# Radio playlists analysis

In this project, we investigated playlists from Swiss radios over the past few years.

First, we wrote scrapers for the following Swiss radios, that extract a song's name, its performer, and the date at which it was played:

* La 1ère
* Espace 2
* Couleur 3
* Option Musique
* Rouge FM

This gives us a fairly large panel of music choices.

The scrapers themselves are not always easy to write, especially because the radios have (undocumented) limits on how much one may scrape per hour/day/...; while the end result is code that is fairly readable, their development took some time. Their code can be found in the `scrapers` folder.

The raw scraped playlists are in the `data/raw-playlists` folder.

Let's have a quick look at one of the files:

In [131]:
import pandas as pd

pd.read_csv("data/raw-playlists/option-musique", sep="\x1f", header=None, names=["date", "track", "artist"]).head()

Unnamed: 0,date,track,artist
0,2017-01-05 00:03:06,Encore une fois,Catherine Lara
1,2017-01-05 00:08:00,Je t'aime...moi non plus,Serge Gainsbourg/ Jane Birkin
2,2017-01-05 00:12:23,Please forgive me,Bryan Adams
3,2017-01-05 00:16:56,Comme un brasero,Pierre Rapsat
4,2017-01-05 00:21:17,L'esprit grande prairie,Eddy Mitchell


From this short overview, one can already notice an unfortunate but important fact: names must be normalized.

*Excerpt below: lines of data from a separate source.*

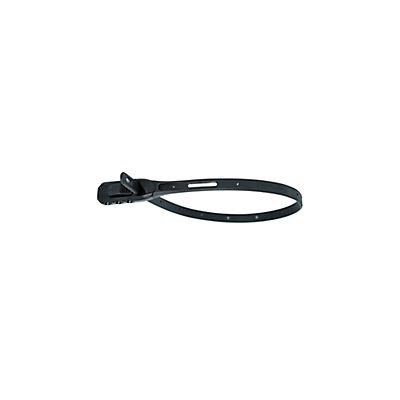 Hiplok Z-Lok Armoured Reusable Tie Combination Lock 40cm Black 0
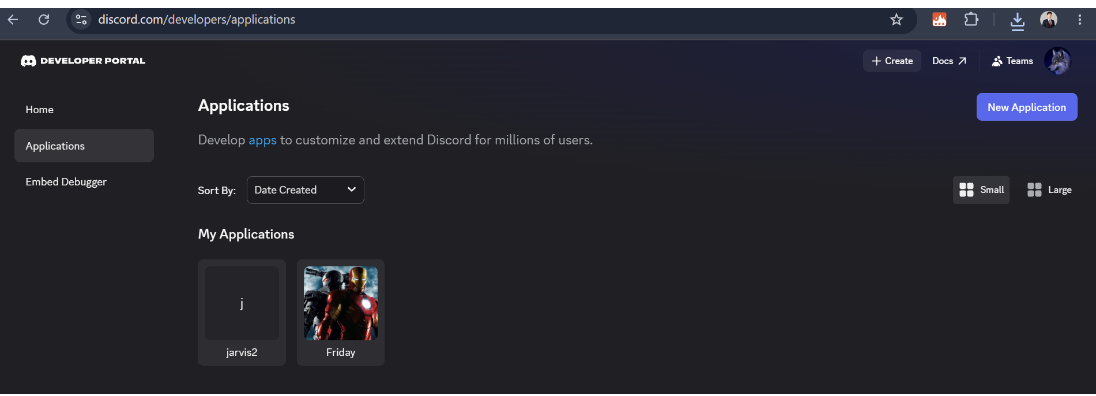 login akun discord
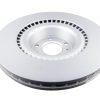 DBA Street Series En-Shield Front Brake Disc 360mm for Audi A8 quattro D3/4E / Volkswagen Phaeton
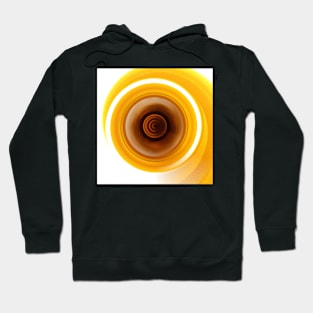 Vortex 011 Orange Edition Hoodie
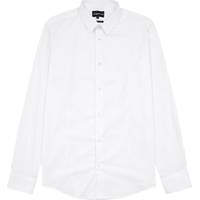 Emporio Armani Men's Cotton Blend Shirts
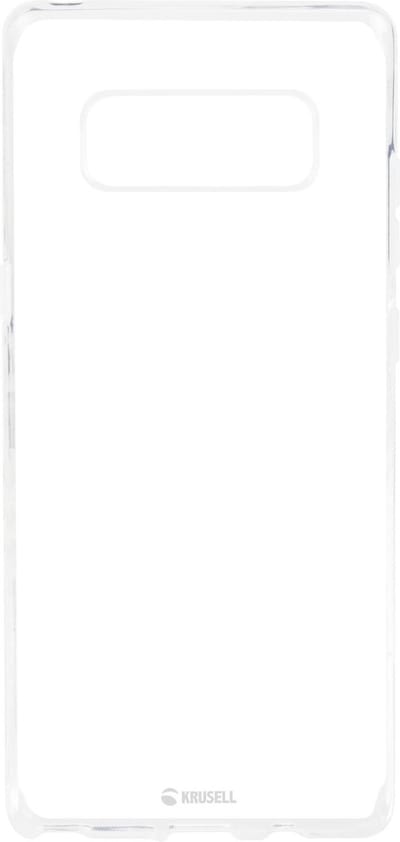 Krusell Bovik Cov Galaxy Note 8 Transparant hoesje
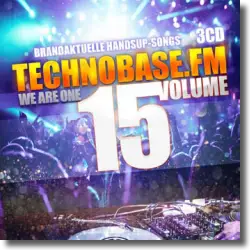 Cover: Various Artists - TechnoBase.FM Vol. 15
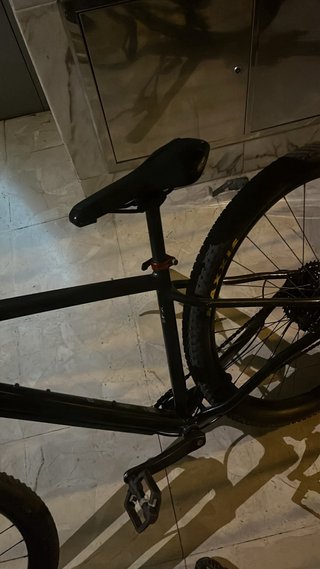 Bicicleta Rockrider EXPL 500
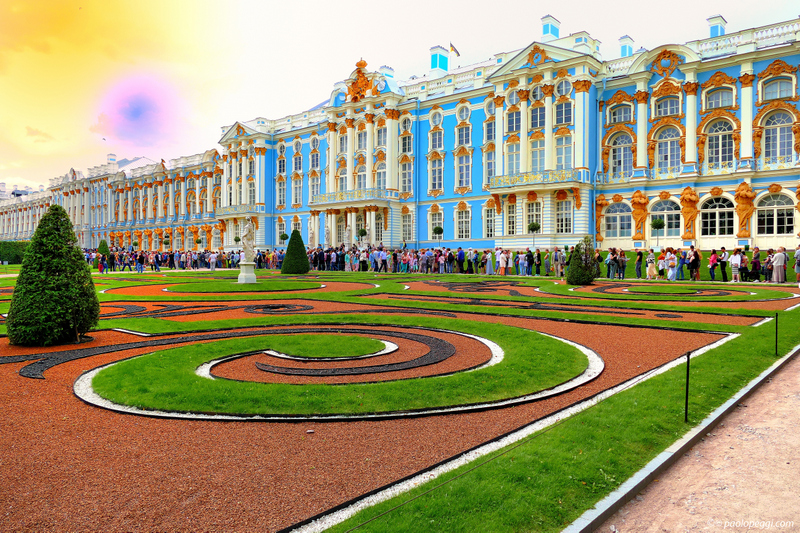 Catherines Palace, St. Petersburg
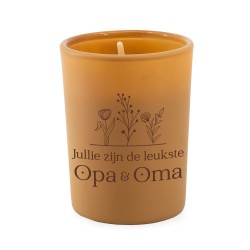 Wenskaarsje - Opa en Oma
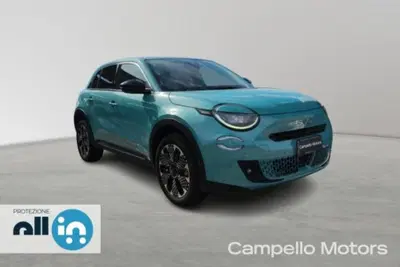Fiat 600 1.2 hybrid La Prima 145cv auto del 2025 usata a Venezia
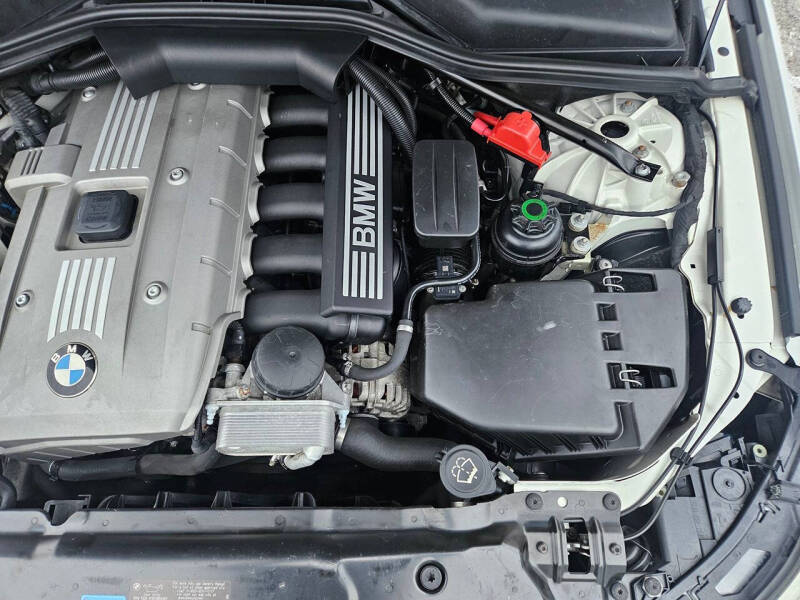 2007 BMW 5 Series 530xi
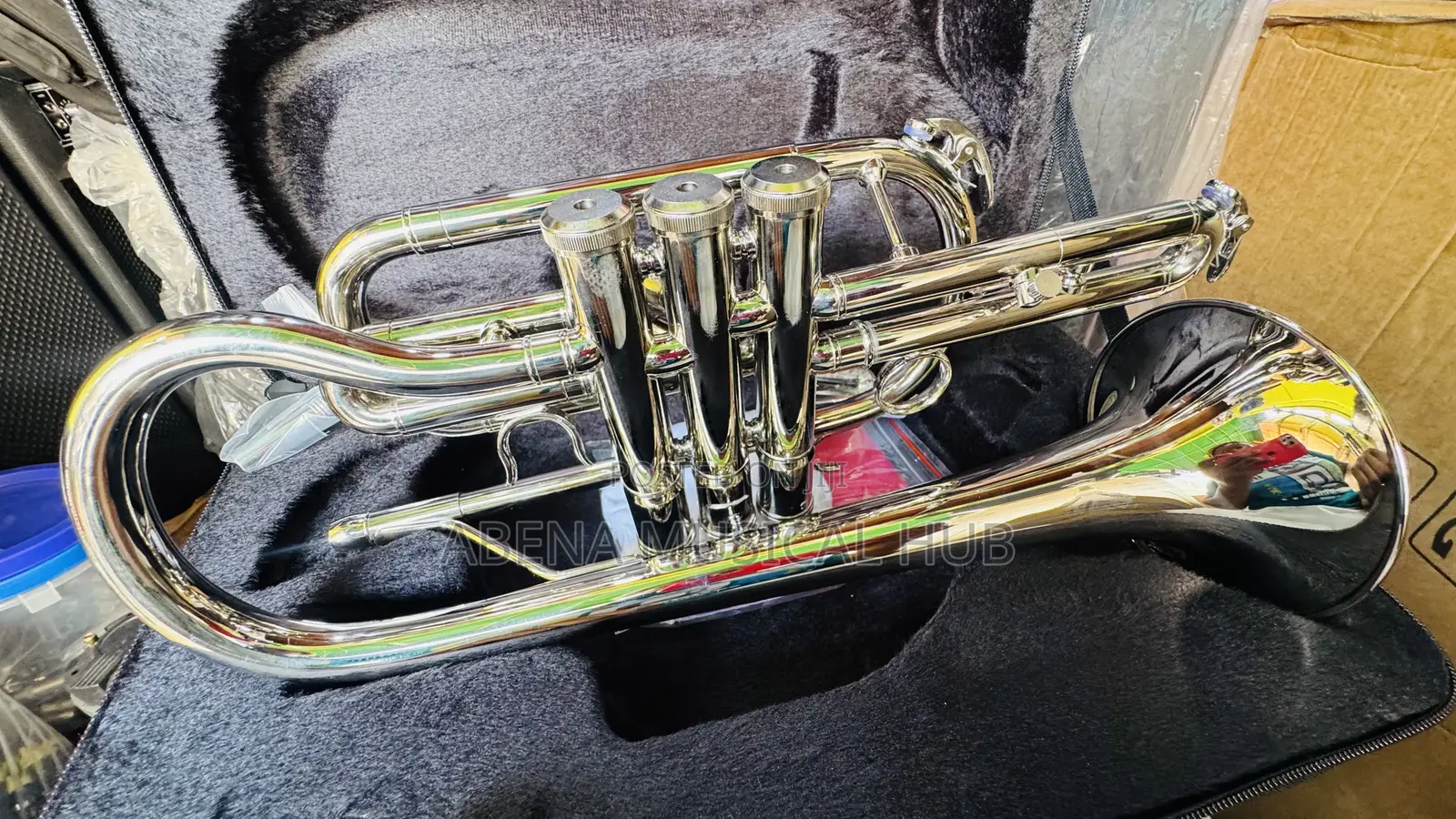 Yamaha Connects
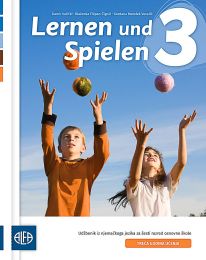 LERNEN UND SPIELEN 3; udžbenik iz njemačkoga jezika za šesti razred osnovne škole (treća godina učenja)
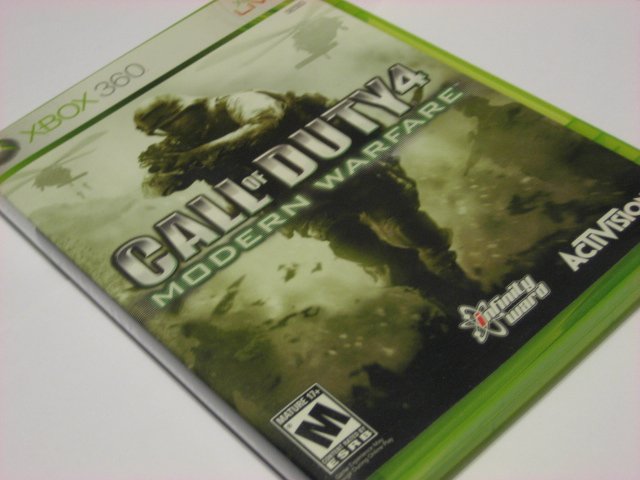 Call of Duty 4 - Modern Warfare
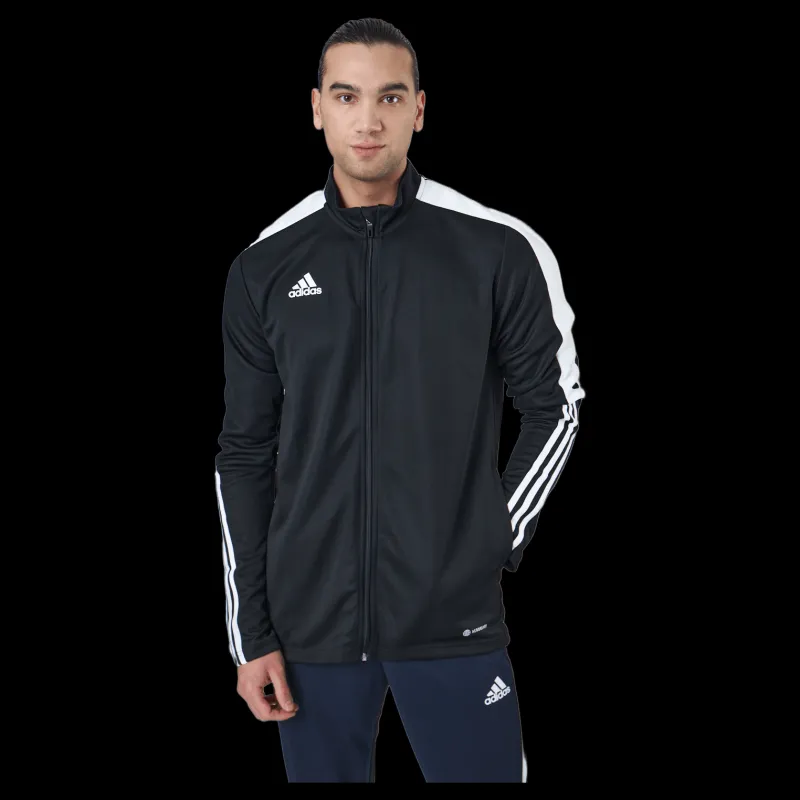 Sale adidas Tiro Tk Jkt Es Black Svart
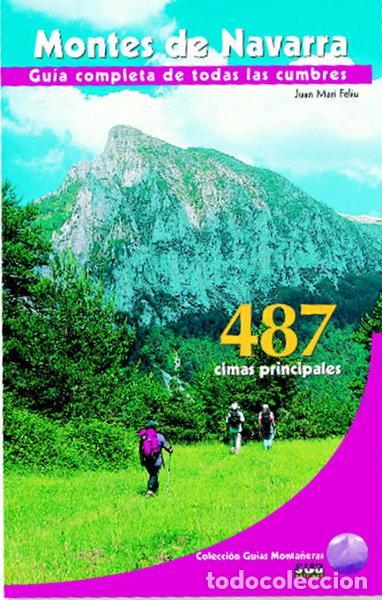 Libros: Montes de Navarra- 9788482162546 - Foto 1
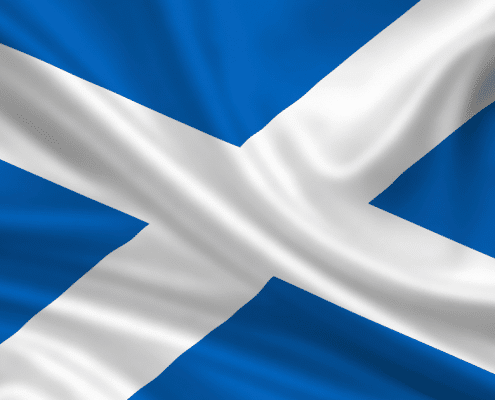 Scottish boy names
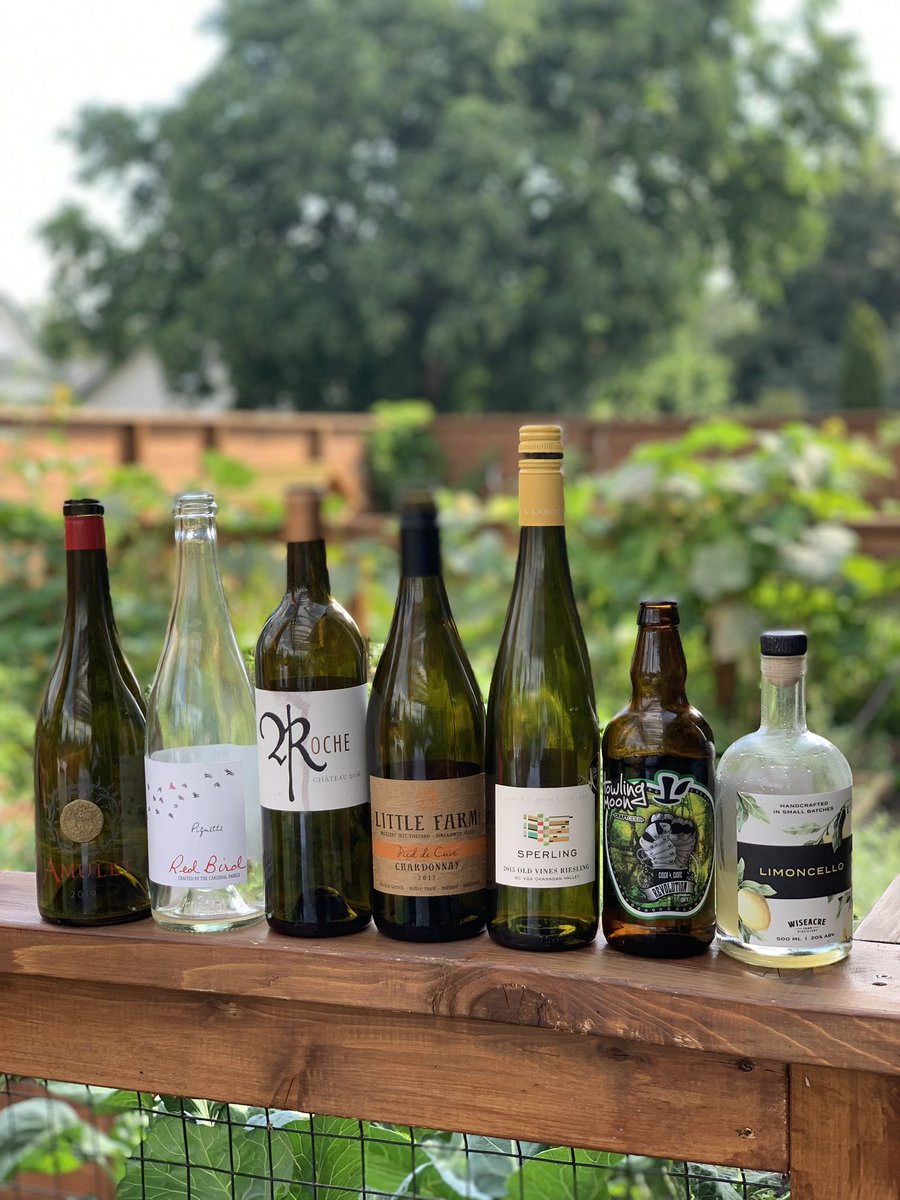 One of the best parts of my job is getting to work with great small businesses and sampling the products their farm’s produce. Earlier this summer in <a href="/ArnicaRowan/">Arnica Rowan</a>’s garden and tonight watching an Alberta sunset with BC cider from my friends at <a href="/HowlingCider/">Howling Moon Craft Cider</a> #livefreelovecider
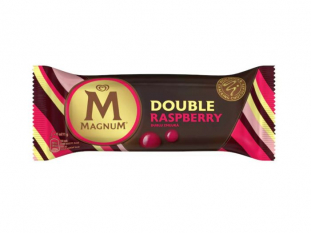 lody na patyku o smaku malinowym Magnum Double Raspberry 85ml szt./opakKoszt transportu - zobacz szczegy, Przy pierwszym zamwieniu czas oczekiwania do 20dni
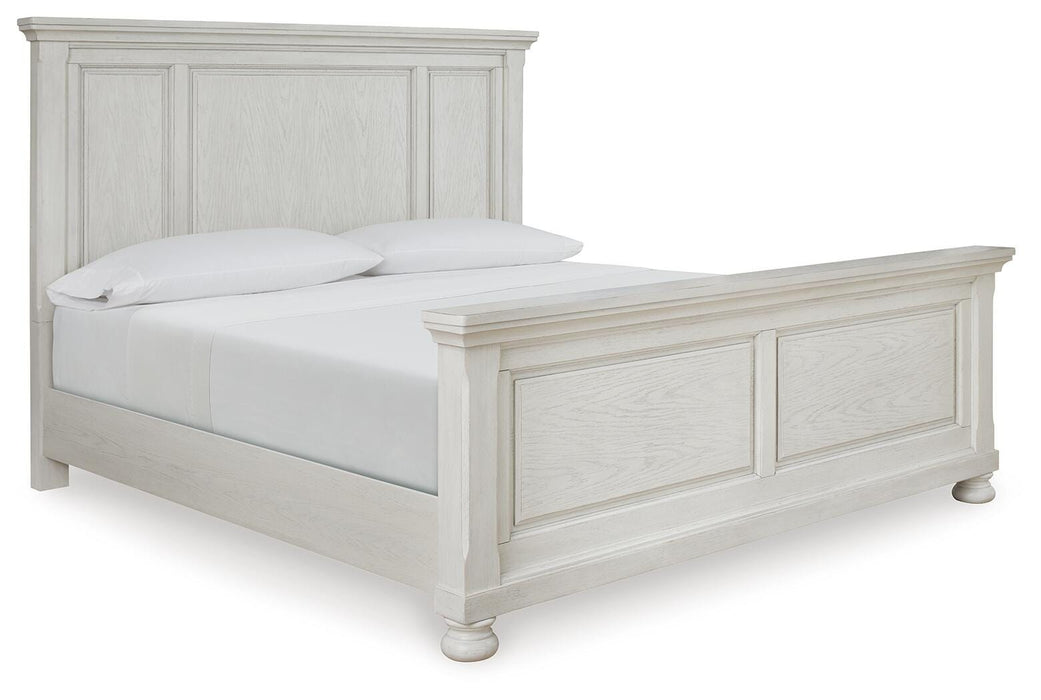 Robbinsdale Bedroom Set - Home And Beyond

Indeed, *Serge Gainsbourg/ Jane Birkin* is not one single artist, but two different people. And in this case, they're separated in a slightly odd way since there's a space only in one side of the separator. Clearly, we must deal with this kind of problems, to avoid duplicates and failed metadata searches later.

We will, of course, encounter false positives; for instance, *Ike & Tina Turner* were a duo that always sang together, hence it does not make sense to split them. But these should be rare enough; if we see too many bad things, we can always hardcode the most frequent ones.

In [80]:
import json
import urllib.parse
import urllib.request

def top_tags(artist, track):
    url = "http://ws.audioscrobbler.com/2.0/?method=track.gettoptags" \
          "&artist={a}" \
          "&track={t}" \
          "&api_key=7120a4263ebddfdbbb7c0a061b13c170" \
          "&format=json"
    url = url.format(a=urllib.parse.quote(artist), t=urllib.parse.quote(track))
        
    req = urllib.request.urlopen(url)
    obj = json.loads(req.read().decode("utf-8"))
    
    try:
        return [tag["name"] for tag in obj["toptags"]["tag"] if int(tag["count"]) >= 10]
    except KeyError:
        return []

In [86]:
top_tags("the drums", "money")

['indie',
 'indie pop',
 'indie rock',
 'surf rock',
 'alternative',
 'summer',
 'alternative rock',
 'post-punk',
 'rock',
 'american',
 'Post punk',
 'best song ever',
 '010s',
 'snowlist']

In [94]:
def normalize_name(name):
    open_paren = 0
    result = ""
    for c in name:
        if c == '(':
            open_paren += 1
        elif c == ')':
            open_paren -= 1
        elif open_paren == 0:
            result += c
    return result.strip()

In [95]:
normalize_name("(REP) Lost Boy & Suicide Girl (feat. Simon Jäggi)")

'Lost Boy & Suicide Girl'

In [120]:
import re

def split_artist(artist):
    # this causes a few false positives, e.g. "Ike & Tina Turner"
    return [a.strip() for a in re.split("&| x |/|,|feat.", artist)]

In [121]:
split_artist("Miss Kittin & the Hacker")

['Miss Kittin', 'the Hacker']

In [122]:
split_artist("Cypress Hill x Rusko")

['Cypress Hill', 'Rusko']

In [123]:
split_artist("Common feat. Bilal")

['Common', 'Bilal']

In [124]:
split_artist("Willie Nelson/ Jack Johnson/ Be Harper ")

['Willie Nelson', 'Jack Johnson', 'Be Harper']